しかし、そんな瞬に向かって歩み寄る、一つの影があった。



「・・・誰だ!」
「俺だ。」



そこに現れたのは、なんと志真だった。
若干疲れた表情で志真は軽く右腕を回し、その右手には何かが握られている。



「お前か・・・しかし、何故こんな所に?」
「『怪獣取材の専門家』として、怪獣出現の詳細を世に報告する為の取材・・・って言ったら自然か?まぁ、本当は違う理由だけどな。」
「違う理由?」
「これこれ。」



志真は右手を差し出し、握っている「それ」を瞬に見せる。
握られていたのは先端が黒い銀色の見慣れない筒状の物だったが、瞬にはこれに見覚えがあった。



――・・・はっ!
あれは確か、あいつの話に出て来た・・・!


「志真さーん!瞬さーん!」



2人を呼ぶ声と共に現れたのは、「フェアリー」体のモスラを隣に連れ2人に手を振る遥だった。
志真に続いて瞬は何故遥がここにいるのかを疑ったが、すぐに怪獣の出現を一早く察知したモスラが擬態を使い、遥を連れて来たのだと考えた。
が、すぐにまた違う疑惑が瞬の頭をよぎる。



――・・・それにしては、ここへ来るのが早い気がするが・・・?


「よっ、遥ちゃん。モスラ。」
「はい、志真さん。瞬さんとは、元旦の電話以来ですね。」
「あっ・・・あぁ。そうだな。」
「あの時は突然電話してすみません。

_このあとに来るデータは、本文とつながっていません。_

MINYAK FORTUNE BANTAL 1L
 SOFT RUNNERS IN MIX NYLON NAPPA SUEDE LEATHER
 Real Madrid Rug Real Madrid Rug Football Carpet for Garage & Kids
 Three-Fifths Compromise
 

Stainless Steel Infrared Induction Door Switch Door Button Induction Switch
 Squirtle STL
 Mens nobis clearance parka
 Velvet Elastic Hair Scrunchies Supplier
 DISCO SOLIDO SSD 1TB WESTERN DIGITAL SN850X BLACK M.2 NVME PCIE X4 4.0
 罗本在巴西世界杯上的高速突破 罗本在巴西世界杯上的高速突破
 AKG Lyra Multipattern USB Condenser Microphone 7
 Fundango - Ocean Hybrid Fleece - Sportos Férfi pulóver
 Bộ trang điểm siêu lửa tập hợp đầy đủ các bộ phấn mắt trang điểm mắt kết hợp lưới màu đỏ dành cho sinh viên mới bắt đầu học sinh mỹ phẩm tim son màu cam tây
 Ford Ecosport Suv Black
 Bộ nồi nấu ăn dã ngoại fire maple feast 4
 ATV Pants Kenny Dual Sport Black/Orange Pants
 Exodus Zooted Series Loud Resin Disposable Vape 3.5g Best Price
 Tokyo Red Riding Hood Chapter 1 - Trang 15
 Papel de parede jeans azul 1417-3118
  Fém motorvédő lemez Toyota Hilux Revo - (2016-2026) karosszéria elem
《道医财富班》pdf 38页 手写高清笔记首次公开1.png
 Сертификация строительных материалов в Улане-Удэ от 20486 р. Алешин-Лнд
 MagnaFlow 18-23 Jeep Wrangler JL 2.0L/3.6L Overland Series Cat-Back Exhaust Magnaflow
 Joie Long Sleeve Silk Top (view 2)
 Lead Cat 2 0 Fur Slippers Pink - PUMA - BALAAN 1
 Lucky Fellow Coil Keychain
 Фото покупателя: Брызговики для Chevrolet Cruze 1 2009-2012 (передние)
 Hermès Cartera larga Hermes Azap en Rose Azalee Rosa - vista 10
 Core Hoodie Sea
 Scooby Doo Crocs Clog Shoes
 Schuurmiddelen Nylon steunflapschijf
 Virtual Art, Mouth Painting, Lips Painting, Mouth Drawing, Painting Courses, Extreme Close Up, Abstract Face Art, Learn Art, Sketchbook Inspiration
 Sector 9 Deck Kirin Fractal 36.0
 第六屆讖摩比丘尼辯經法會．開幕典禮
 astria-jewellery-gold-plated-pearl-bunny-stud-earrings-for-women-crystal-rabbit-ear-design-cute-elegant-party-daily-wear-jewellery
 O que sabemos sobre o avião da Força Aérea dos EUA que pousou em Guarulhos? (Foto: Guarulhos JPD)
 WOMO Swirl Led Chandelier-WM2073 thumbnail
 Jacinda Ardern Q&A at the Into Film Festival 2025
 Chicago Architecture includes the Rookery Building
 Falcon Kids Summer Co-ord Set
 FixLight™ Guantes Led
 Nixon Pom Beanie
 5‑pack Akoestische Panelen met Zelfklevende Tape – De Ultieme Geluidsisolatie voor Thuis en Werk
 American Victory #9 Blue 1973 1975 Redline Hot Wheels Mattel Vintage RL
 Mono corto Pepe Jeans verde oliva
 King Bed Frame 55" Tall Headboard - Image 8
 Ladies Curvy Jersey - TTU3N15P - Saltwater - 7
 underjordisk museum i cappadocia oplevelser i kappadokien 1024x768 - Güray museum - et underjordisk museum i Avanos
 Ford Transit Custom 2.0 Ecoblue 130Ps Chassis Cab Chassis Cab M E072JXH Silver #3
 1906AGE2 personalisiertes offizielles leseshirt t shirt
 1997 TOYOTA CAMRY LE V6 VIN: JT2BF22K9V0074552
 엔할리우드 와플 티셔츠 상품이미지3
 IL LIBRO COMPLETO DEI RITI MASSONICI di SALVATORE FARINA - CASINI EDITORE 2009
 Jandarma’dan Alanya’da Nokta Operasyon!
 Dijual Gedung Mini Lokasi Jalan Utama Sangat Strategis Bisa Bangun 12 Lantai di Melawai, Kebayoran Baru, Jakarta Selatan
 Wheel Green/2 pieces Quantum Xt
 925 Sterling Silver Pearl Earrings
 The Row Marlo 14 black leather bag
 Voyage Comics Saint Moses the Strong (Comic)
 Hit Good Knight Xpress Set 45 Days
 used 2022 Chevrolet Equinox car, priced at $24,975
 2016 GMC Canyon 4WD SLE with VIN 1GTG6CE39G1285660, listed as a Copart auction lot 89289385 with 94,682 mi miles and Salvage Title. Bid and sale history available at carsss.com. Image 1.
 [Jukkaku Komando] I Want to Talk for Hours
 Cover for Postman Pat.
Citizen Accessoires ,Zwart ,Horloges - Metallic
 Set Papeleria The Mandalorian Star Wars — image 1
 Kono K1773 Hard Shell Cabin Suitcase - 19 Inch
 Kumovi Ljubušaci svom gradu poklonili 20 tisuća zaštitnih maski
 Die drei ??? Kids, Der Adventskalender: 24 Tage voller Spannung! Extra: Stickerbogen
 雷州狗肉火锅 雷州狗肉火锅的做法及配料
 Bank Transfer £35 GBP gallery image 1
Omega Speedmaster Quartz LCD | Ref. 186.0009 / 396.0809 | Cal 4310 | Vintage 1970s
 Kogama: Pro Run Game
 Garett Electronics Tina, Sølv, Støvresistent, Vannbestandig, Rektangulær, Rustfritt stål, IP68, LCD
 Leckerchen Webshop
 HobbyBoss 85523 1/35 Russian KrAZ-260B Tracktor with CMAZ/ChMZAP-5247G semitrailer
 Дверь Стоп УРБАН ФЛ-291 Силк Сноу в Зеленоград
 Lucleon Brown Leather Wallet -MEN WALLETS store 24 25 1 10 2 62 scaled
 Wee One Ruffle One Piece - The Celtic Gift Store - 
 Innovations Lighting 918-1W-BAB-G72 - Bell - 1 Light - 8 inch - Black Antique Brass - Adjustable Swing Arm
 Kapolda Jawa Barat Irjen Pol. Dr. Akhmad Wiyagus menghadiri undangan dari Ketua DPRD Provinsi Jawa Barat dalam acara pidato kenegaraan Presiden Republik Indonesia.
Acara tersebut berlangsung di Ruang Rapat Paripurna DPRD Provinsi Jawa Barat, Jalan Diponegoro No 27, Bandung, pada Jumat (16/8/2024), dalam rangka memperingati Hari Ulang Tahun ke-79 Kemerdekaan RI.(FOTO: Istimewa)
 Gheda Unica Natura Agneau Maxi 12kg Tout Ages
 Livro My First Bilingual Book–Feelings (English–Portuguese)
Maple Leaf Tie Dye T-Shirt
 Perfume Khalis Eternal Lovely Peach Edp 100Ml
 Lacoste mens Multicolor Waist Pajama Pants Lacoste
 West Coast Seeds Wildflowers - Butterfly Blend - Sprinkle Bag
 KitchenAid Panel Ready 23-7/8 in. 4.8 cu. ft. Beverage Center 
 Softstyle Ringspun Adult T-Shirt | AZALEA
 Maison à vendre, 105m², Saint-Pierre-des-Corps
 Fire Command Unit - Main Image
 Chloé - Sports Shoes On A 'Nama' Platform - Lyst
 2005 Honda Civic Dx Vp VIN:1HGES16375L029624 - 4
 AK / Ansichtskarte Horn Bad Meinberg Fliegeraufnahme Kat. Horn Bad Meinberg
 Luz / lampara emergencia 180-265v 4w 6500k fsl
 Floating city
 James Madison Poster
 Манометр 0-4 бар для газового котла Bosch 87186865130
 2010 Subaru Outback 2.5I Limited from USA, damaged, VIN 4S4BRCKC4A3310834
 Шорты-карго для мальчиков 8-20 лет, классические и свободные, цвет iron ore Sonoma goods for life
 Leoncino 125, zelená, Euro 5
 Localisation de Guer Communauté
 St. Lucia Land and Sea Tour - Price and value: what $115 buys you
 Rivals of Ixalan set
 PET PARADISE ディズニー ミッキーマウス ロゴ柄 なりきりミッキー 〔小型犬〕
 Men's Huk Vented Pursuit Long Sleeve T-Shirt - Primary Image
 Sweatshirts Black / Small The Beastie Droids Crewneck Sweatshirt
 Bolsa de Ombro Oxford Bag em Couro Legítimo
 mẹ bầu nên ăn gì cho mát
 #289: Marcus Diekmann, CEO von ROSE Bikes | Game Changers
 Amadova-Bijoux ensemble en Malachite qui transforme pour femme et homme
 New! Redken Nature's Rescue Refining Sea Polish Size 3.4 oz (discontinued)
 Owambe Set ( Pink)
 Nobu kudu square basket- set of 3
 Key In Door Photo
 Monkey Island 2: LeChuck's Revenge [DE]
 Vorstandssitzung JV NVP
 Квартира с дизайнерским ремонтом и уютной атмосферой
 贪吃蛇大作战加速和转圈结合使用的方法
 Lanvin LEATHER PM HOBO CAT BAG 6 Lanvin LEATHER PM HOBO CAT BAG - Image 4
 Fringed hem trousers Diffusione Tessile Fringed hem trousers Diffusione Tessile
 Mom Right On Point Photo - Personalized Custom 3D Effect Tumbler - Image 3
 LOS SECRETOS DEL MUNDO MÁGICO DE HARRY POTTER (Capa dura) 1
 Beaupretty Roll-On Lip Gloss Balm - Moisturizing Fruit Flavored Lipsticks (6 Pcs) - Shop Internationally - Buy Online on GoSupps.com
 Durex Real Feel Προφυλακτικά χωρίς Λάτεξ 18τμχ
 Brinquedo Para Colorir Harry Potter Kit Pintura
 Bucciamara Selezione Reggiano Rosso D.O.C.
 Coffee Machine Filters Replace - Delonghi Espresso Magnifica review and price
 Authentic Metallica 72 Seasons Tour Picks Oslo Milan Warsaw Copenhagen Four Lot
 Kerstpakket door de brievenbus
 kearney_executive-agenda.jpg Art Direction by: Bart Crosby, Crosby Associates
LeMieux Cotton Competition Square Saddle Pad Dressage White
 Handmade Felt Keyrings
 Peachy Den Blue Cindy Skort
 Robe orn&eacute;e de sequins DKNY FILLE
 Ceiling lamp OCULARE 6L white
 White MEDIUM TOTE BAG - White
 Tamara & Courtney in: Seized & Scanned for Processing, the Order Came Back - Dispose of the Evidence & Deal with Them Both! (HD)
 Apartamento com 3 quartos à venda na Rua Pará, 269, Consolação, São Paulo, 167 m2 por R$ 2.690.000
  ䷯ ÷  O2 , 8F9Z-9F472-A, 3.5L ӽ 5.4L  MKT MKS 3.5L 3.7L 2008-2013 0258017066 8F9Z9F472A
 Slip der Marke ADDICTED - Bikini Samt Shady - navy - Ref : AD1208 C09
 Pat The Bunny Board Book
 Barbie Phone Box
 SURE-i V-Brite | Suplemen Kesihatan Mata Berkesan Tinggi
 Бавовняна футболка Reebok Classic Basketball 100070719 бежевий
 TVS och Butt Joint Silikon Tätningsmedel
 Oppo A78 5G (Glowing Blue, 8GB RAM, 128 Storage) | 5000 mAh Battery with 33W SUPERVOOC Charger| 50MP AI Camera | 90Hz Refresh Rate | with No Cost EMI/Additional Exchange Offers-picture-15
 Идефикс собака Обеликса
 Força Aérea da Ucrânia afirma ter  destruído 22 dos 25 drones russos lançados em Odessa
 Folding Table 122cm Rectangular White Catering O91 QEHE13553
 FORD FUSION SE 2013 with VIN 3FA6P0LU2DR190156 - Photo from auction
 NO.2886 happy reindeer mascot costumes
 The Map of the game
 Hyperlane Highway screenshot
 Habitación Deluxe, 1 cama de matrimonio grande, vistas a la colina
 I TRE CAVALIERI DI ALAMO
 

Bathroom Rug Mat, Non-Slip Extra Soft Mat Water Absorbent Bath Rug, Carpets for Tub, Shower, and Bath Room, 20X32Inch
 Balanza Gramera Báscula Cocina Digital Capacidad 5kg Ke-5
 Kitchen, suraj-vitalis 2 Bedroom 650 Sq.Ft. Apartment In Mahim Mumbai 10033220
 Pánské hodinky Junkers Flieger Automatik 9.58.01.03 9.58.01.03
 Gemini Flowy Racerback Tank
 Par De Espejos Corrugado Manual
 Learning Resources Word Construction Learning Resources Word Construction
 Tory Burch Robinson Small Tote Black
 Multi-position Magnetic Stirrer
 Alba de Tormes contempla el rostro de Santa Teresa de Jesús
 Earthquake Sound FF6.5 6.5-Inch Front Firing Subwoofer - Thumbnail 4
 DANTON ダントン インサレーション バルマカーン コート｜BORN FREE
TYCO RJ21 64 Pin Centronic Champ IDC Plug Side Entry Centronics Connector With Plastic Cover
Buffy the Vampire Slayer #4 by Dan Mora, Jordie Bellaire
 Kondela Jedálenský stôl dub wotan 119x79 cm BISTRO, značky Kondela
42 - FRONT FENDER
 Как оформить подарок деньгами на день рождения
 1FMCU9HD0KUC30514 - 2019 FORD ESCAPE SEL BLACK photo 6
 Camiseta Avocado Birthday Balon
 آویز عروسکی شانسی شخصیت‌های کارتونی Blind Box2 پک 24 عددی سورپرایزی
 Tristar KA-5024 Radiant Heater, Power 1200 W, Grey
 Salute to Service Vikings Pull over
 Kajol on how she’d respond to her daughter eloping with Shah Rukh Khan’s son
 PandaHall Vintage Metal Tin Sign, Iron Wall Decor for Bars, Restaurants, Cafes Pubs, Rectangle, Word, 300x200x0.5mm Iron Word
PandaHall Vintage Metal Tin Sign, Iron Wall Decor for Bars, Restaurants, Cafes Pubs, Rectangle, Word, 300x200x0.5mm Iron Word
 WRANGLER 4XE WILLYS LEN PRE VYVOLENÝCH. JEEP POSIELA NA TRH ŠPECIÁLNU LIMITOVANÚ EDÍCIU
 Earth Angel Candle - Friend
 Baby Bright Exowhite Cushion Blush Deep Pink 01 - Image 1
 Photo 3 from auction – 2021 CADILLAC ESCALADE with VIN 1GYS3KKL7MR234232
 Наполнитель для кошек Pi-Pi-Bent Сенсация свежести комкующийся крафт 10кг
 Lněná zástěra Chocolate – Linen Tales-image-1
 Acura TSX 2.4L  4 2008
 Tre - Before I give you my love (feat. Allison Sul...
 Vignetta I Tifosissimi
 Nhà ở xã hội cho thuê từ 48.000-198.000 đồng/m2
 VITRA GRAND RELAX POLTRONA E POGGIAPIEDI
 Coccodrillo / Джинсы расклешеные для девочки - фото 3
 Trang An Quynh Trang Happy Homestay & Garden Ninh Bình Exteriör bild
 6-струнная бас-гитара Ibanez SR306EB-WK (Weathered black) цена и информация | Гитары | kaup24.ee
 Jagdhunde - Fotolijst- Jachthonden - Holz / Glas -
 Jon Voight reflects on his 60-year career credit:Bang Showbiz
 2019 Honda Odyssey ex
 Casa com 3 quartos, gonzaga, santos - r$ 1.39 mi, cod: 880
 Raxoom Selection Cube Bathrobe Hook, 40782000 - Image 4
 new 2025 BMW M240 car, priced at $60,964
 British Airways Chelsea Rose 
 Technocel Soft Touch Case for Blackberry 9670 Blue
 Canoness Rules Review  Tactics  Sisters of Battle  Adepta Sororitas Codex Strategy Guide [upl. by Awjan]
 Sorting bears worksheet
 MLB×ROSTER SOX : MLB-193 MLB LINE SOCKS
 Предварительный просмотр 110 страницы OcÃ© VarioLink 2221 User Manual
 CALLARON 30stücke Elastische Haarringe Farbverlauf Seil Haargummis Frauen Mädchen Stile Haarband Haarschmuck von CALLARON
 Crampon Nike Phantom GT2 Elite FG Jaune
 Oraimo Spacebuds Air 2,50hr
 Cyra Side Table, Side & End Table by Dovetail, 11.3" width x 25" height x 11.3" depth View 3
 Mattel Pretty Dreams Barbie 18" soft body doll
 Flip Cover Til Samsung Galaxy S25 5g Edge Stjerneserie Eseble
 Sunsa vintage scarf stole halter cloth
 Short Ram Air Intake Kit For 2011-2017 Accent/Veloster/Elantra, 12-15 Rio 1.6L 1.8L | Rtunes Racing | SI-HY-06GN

つい嬉しくなってしまって・・・」
「いや、確かにあの時は驚きはしたが、だからと言って俺はどうと言う気は無い。だから別に気にしなくてもいい。」
『全く、無断でわたくし達の秘密話を夢で聞いてしまうなんて、遥も不粋ですわ。』
「そうなのか・・・って、なっ!?」



普通に聞き流してしまったその声を、瞬は驚愕の声を上げる形で確認する。
上品な女性の声だったが、志真はともかく遥はそんな声質では無い。
しかしながら辺りを見渡しても他の人物がいる気配は無く、第一にこの声はすぐ近くから聞こえて来ていた。



「い、今の声は・・・」
『あら、ご存知ありませんの?遥からお話は聞いたと思いますけれど?』
「妃羽菜から・・・?」


――・・・まさか!



確信を持った瞬が直ぐ様見た者、それは遥の隣を未だ飛ぶモスラだった。



「あれ、瞬ってモスラが『結晶』を使わなくてもテレパシーで意思疎通が出来る様になった事、知らないのか?」
「テ、テレパシー?」
「長い間、私達の世界に来る内に覚えたらしいです。今はそれほどではないんですが、よく私の家にも来ていましたし。」
『そうですわ。小美人がわたくしはインファント島の守護神だからと言う理由で、外出を許してくれませんの。ですけど、わたくしだって退屈にもなりますわ・・・』
「でもまた、黙って島を抜けたら駄目だよ。今日は私も協力するから、小美人さんに謝ってね。」
『わっ、分かりましたわ・・・』
「しかし、モスラもこうして見ると人間みたいだよなぁ。しかもちょっとわがままなお嬢様。」
「ふふっ、そうですね。」
『そっ、そんな事・・・そういえば志真、貴方も何故もう少しだけ待って下さらなかったの?貴方が怪獣を倒してしまったら、わたくしが来た意味がありませんわ。』
「いやぁ、早くやってみたかったと言うか・・・だって、ずっとテレビで見てたヒーローみたいに活躍出来るんだぜ?」
「それに、モスラは最初から観光目的で来たんでしょ?だったら、偶然じゃない?」
『もう、遥までわたくしにそんな事をおっしゃるなんて、酷いですわ。』



違和感も無く話し合う、2人と一体を横目に瞬はただ見ている事だけしか出来ないでいた。
これまで非現実的な事には嫌と言う程遭遇して来たが、眼前で繰り広げられる光景は瞬にはあまりにも非現実過ぎたのだ。



――・・・あのアイテムに、この光景。
これは、夢で見た・・・いや、あの2人が見た夢の内容そのままだ・・・
何故こんな事になっているんだ・・・こんな夢の様な光景が現実になっていいのか・・・
この世は・・・俺は、一体どうなってしまったんだぁーっ!!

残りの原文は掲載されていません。